Any suggestions on cleaning cabinet doors. There is a factory coating on there already but there is some grime on there that needs to come off. The homeowner was asking me about dipping them in muriatic acid and I thought that would be a little too caustic. Thoughts?


----------



## MALCO.New.York (Feb 27, 2008)

TSP? AKA Trisodium orthophosphate.


----------



## Any Season (Nov 19, 2007)

That was what I suggested. Would you dip them though? This woman kept mentioning a dipping/cleaning process that I couldn't place.


----------



## DeanV (Feb 20, 2006)

I see no reason to dip them, unless she is think of the dip tanks used in stripping cabinet doors. I would clean with Challenger, it works great on kitchen grease and rinses well.


----------



## MALCO.New.York (Feb 27, 2008)

Take them to your shop and "dip" them with a rag. What _they_ believe is what _they_ know.

Do your best to NOT handle them after wiping thoroughly. Nitrile (NBR) gloves are the best for this sort of work.


----------



## Any Season (Nov 19, 2007)

Thanks man. Where can I find 'Challenger'?


----------



## MALCO.New.York (Feb 27, 2008)

http://challengercleaner.com/buy.php


You are S.O.L.


----------



## Any Season (Nov 19, 2007)

Damn.

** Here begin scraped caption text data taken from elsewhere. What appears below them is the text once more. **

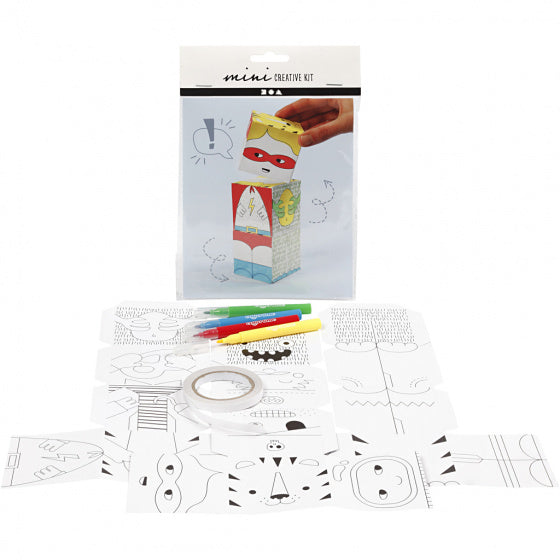 mini-knutselset Monsters junior karton wit 3-delig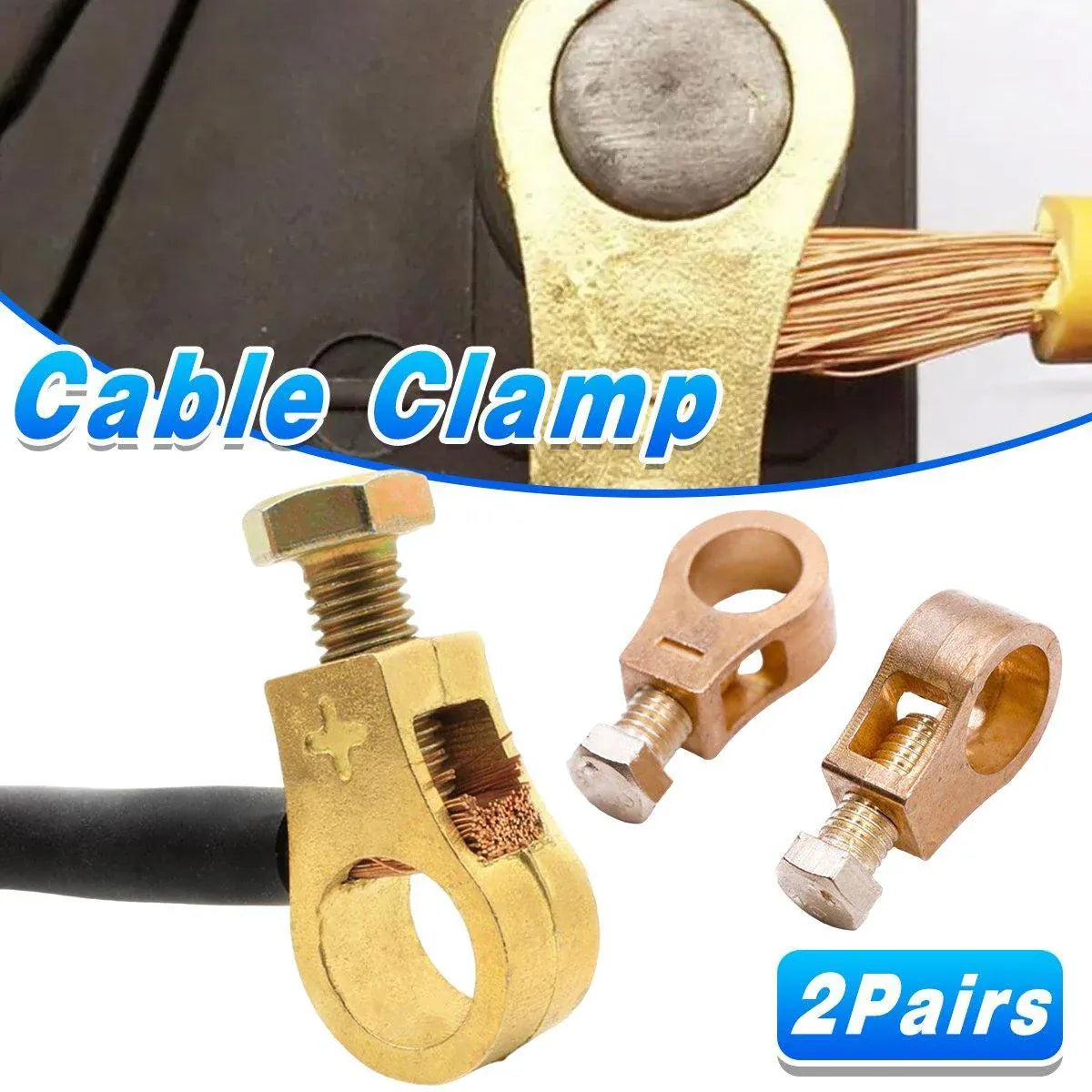 2 Pairs Cable Clamp Battery Clips Car Positive Negative Pure Copper Terminals V528-BATTERY-CLAMP-2PAIRS-560251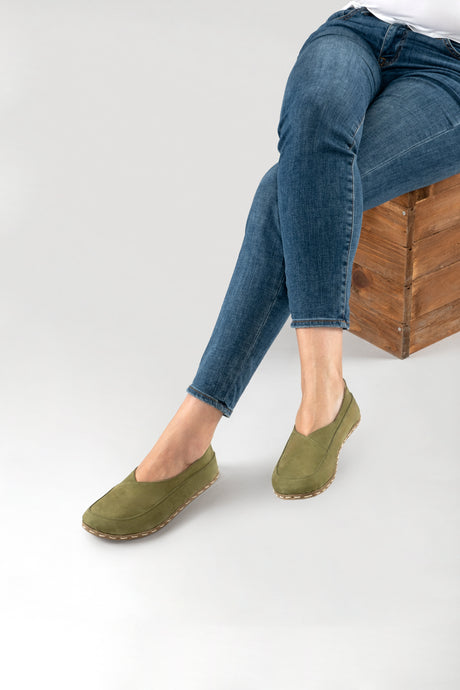 Olive Green Barefoot Cross Ballet Flats - Atlantis Handmade Shoes - 
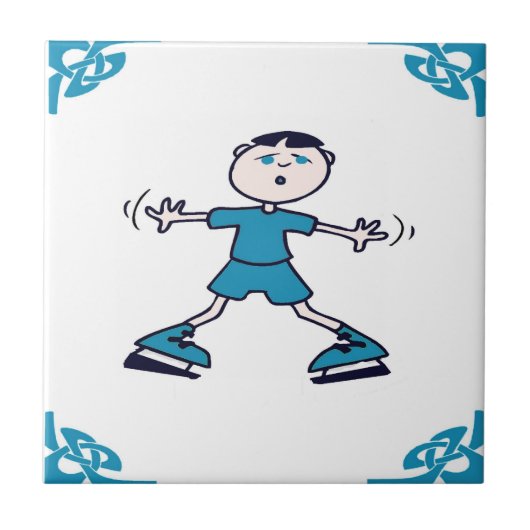 Blue Dutch Boy Ice Skate Fliese (Vorderseite)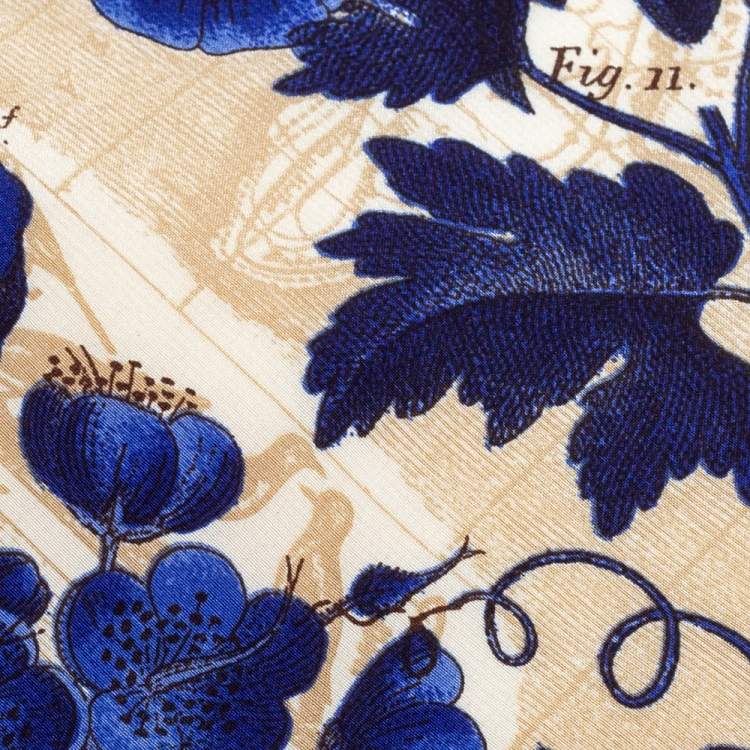 Pre Owned Gianfranco Ferre Blue & Cream Vine Print Silk Tie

Is there any way you could order it then ship to me and I'll send you a money order? Jokes.


----------



## Danahy (Oct 17, 2006)

If the grime ain't that bad, I'd start with dish soap, and a dish scrub pad.... Unless it's worse, then follow the above mentioned recommendations...


----------



## mickeyco (May 13, 2006)

Kitchen cabinets? If it's grease, lighter fluid or naptha works great.


.


----------



## MALCO.New.York (Feb 27, 2008)

Those green "scrubby" pads do work wonders. WD 40 is an excellent grease cutter!!!!


----------



## MALCO.New.York (Feb 27, 2008)

I use lighter fluid (Naphthalene) for everything!!! Wanna get grease/oil outta yer jeans, spot soak with Ronsonol, then wash as normal.












http://www.jamesdire.net/ronsonol.jpg


----------



## artinall (Aug 14, 2007)

try windex, cuts the grease (if its oil from hand use) or alcohol


----------